■ Information shown
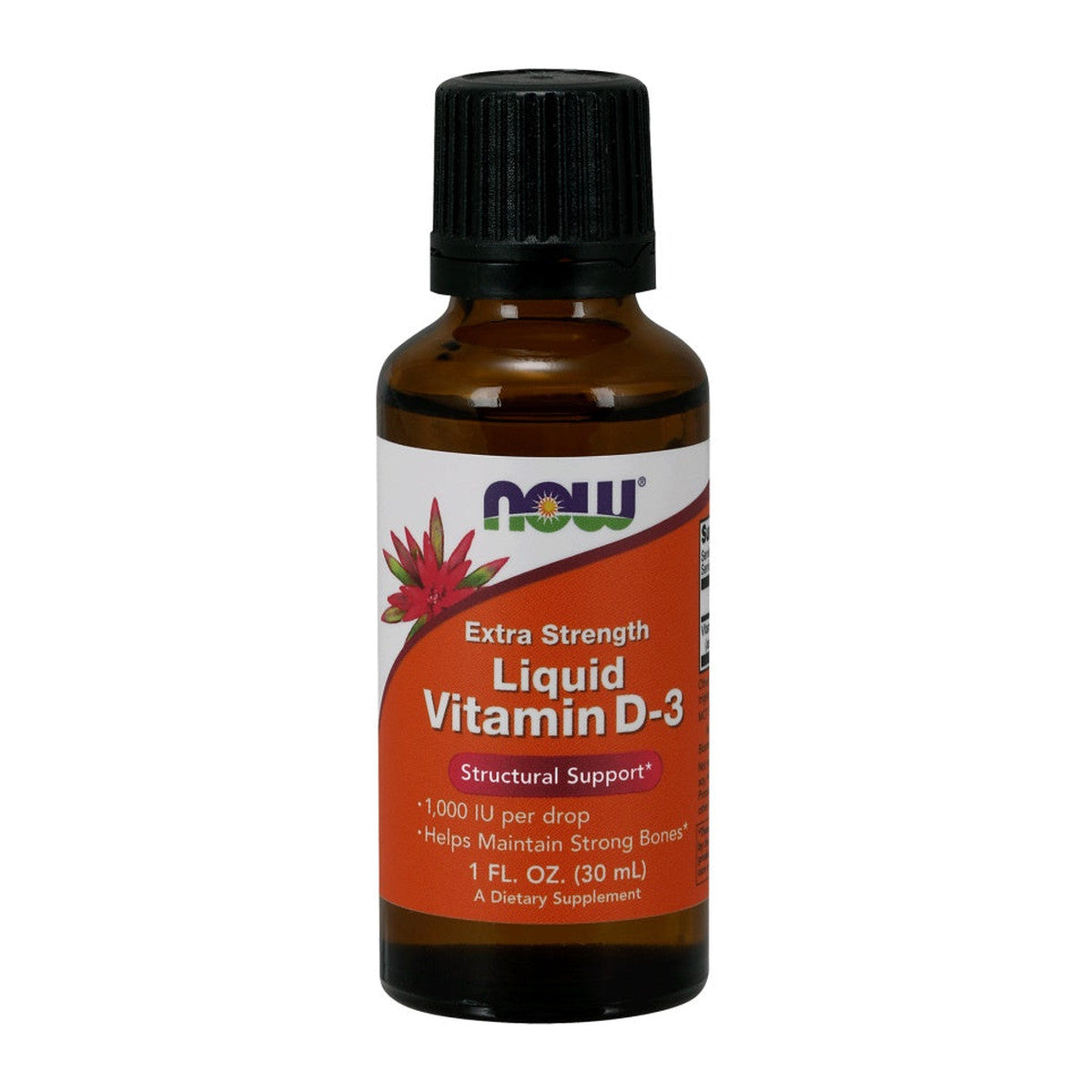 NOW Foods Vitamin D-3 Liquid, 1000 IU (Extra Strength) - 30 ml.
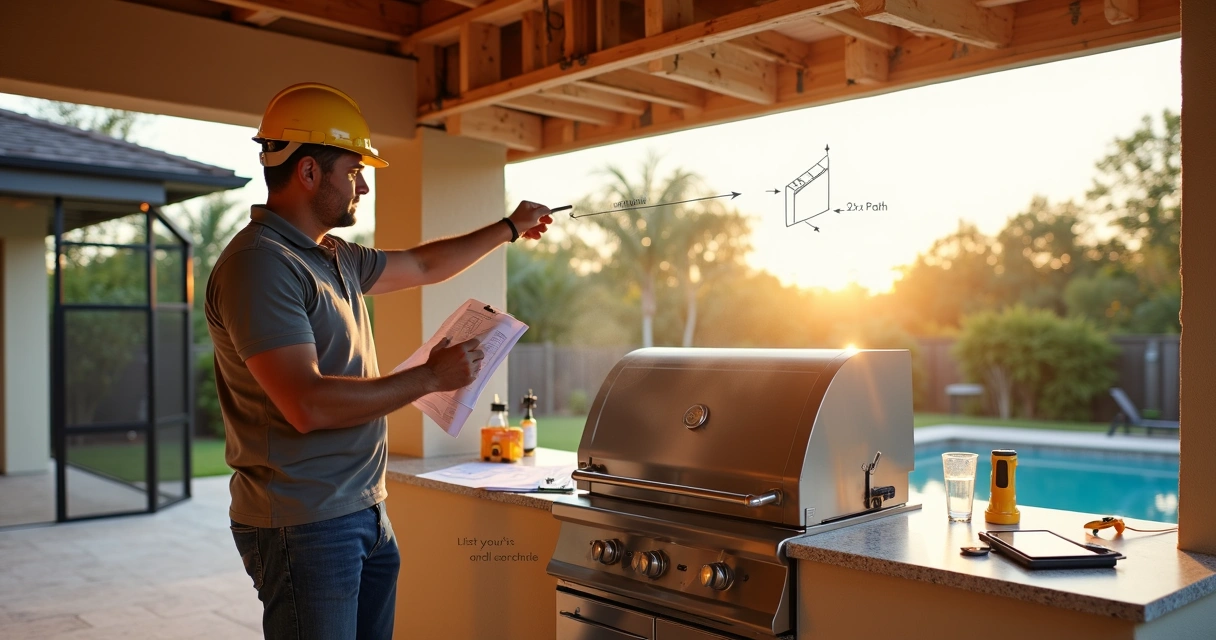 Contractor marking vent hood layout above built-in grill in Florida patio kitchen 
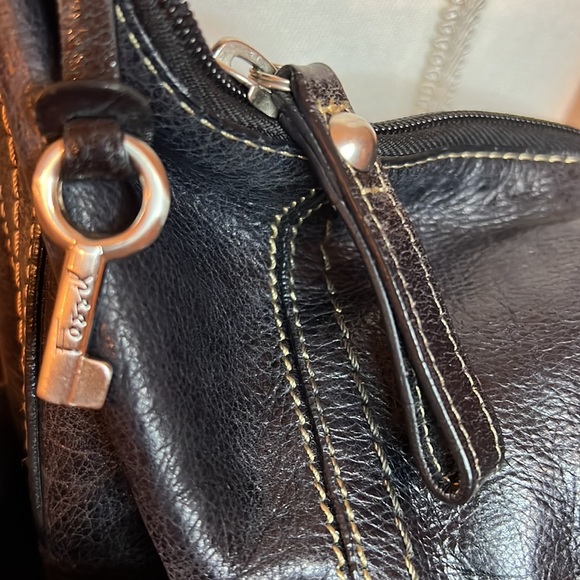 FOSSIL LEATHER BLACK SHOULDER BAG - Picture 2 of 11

■ Work order
From the first line to the last, repeat the listing exactly and skip its images.

■ Solution
 NOW Foods Vitamin D-3 Liquid, 1000 IU (Extra Strength) - 30 ml.
 Contractor marking vent hood layout above built-in grill in Florida patio kitchen 
 FOSSIL LEATHER BLACK SHOULDER BAG - Picture 2 of 11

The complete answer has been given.